USO - Unidentified Submerged Objects
| Channel | UAP Gerb |
|---|---|
| Video ID | U-jrx_giINA |
| Transcript | Read full transcript |
| Watch | Watch |
Overview
This video presents a comprehensive survey of Unidentified Submerged Objects (USOs) — unidentified craft observed operating in or transitioning through bodies of water — arguing that maritime UAP has been systematically overlooked compared to aerial UAP research. UAP Gerb opens by noting that the trans-medium capabilities of anomalous craft were largely forgotten by mainstream discourse until David Fravor's 2004 Tic Tac encounter suggested a submerged object below the ocean surface, and until Rear Admiral Timothy Gallaudet's sustained public advocacy beginning in 2022.
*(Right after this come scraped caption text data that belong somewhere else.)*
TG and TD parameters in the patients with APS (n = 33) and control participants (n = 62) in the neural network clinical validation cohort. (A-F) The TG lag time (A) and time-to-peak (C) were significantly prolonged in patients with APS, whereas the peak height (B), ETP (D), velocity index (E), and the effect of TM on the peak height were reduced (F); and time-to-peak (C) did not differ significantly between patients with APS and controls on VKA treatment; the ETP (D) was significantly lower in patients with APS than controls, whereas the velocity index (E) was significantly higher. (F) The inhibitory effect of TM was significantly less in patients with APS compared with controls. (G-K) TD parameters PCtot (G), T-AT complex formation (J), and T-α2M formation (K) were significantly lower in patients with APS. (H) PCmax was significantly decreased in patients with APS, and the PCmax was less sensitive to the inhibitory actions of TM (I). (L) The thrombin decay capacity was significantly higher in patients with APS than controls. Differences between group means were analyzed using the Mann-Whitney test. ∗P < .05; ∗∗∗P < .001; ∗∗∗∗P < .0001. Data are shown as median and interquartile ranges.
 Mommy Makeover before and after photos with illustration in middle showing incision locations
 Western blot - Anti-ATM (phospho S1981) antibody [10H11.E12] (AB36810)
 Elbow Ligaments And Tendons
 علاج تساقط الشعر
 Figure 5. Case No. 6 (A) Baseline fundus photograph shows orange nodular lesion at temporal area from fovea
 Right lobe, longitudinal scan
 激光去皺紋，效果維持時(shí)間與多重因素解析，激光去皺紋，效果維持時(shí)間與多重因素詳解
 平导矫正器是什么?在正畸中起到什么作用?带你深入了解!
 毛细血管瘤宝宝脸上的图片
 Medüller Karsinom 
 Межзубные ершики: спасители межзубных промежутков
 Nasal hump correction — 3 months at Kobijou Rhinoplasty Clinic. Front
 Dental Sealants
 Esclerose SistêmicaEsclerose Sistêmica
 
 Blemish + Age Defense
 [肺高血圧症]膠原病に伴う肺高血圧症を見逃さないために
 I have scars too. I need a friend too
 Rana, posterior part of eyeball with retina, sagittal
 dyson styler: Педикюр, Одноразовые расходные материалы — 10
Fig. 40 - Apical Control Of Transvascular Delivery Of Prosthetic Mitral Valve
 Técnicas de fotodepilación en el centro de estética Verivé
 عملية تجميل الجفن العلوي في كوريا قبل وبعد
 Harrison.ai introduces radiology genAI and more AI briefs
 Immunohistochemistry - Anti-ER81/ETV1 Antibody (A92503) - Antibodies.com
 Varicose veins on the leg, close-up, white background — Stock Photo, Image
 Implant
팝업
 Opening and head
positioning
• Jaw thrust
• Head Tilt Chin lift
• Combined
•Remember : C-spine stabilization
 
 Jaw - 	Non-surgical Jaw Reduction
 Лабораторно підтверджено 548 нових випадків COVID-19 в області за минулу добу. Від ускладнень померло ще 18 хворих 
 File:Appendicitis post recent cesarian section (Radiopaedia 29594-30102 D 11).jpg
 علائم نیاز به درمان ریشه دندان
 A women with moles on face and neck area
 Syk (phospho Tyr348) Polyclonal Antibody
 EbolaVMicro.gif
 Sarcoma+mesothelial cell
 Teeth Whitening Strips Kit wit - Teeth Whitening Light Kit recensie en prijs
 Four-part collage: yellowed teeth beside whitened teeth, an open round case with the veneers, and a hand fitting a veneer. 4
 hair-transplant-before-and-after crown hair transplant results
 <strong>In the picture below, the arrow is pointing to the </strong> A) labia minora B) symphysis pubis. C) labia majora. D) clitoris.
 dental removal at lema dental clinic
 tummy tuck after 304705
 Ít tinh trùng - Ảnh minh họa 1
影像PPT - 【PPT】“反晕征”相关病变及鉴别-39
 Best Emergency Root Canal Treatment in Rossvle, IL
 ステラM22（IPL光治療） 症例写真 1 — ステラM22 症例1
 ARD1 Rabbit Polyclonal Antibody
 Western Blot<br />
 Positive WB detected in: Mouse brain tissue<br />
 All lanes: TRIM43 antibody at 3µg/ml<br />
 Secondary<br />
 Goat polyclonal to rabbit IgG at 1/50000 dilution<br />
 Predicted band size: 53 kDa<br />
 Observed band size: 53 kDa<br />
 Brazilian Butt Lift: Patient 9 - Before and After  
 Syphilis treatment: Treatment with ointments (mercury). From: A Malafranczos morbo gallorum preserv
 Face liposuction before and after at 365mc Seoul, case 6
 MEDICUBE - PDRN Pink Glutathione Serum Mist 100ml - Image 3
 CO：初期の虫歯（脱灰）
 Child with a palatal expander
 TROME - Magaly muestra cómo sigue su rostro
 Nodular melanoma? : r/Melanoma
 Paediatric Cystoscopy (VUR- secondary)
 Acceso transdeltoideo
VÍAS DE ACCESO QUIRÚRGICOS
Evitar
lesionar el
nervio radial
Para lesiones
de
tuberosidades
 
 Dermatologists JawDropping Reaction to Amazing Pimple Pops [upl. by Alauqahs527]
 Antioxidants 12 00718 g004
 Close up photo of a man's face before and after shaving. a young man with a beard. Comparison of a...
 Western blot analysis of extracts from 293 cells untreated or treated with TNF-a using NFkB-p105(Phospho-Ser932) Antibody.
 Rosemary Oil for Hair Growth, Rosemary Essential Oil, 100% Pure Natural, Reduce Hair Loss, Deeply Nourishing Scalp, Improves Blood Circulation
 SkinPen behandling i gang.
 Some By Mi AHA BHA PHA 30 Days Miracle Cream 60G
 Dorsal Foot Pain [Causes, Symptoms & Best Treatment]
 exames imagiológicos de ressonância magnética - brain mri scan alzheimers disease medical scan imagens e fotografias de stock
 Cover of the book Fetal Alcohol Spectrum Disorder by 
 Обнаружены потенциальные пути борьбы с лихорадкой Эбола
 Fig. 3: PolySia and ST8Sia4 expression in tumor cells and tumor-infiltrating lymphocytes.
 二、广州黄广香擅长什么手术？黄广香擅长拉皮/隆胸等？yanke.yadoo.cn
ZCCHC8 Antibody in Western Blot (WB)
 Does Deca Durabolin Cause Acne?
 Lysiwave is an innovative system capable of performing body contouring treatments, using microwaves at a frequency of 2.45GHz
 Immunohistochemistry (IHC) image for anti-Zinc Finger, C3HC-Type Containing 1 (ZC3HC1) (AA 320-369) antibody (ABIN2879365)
The video traces the institutional history of USO investigation from 1951 onward, establishing that US Navy and Air Force agencies quietly collected and classified maritime UAP reports even as public-facing programs like Project Blue Book avoided the subject entirely. Key regulatory milestones — JANAP 146c, USAF Regulation 200-2, and Navy directive OPNAV 3820 — are cited as part of the systematic suppression of sighting reports. The video also draws from primary sources including Oak Shannon's notes from the 1985 Advanced Theoretical Working Group and Rear Admiral Gallaudet's 2024 white paper Beneath the Surface.
The strongest institutional endorsement comes from Gallaudet himself, who in a NewsNation interview with Ross Coulthart stated flatly that non-human intelligence (NHI) is visiting Earth with technology and intentions that are not understood, and that it "is about time" this is disclosed. His 2024 white paper argues that the scientific implications of confirmed trans-medium vehicles would "make those of the Scientific Revolution in the 17th and 18th centuries look like baby steps." The video concludes that AARO's Historical Report Volume 1 makes zero references to USO cases or maritime whistleblowers — a gap that Gallaudet and UAP Gerb treat as a significant institutional failure.
Institutional History of USO Investigation
Project Interloper (1951)
The earliest documented US government effort to study underwater UAP is Project Interloper, launched in 1951 by USAF Major Dewey Fett, a serving member of Project Blue Book. Interloper was a joint USAF-Navy investigation into both aerial and undersea UAP. It operated as an extra-governmental investigation — exempt from FOIA — and in 1953 briefed the CIA without ever reporting its findings to Congress or the public. Today only three Interloper case files are known to survive (cases 26, 27, and 28).
Case 26 documents Lieutenant George P. Williams and his nine-man Navy Fleet Logistics Air Wing crew, who witnessed a trans-medium UFO emerge from the ocean and traverse the skies between Keflavik, Iceland, and Newfoundland. The object rose from beneath the cloud deck, approached the aircraft at a "terrifying closing rate," hovered near the port side, then accelerated away. It was described as elliptical or cigar-shaped, at least 200 feet long, with a red-orange glow along its periphery.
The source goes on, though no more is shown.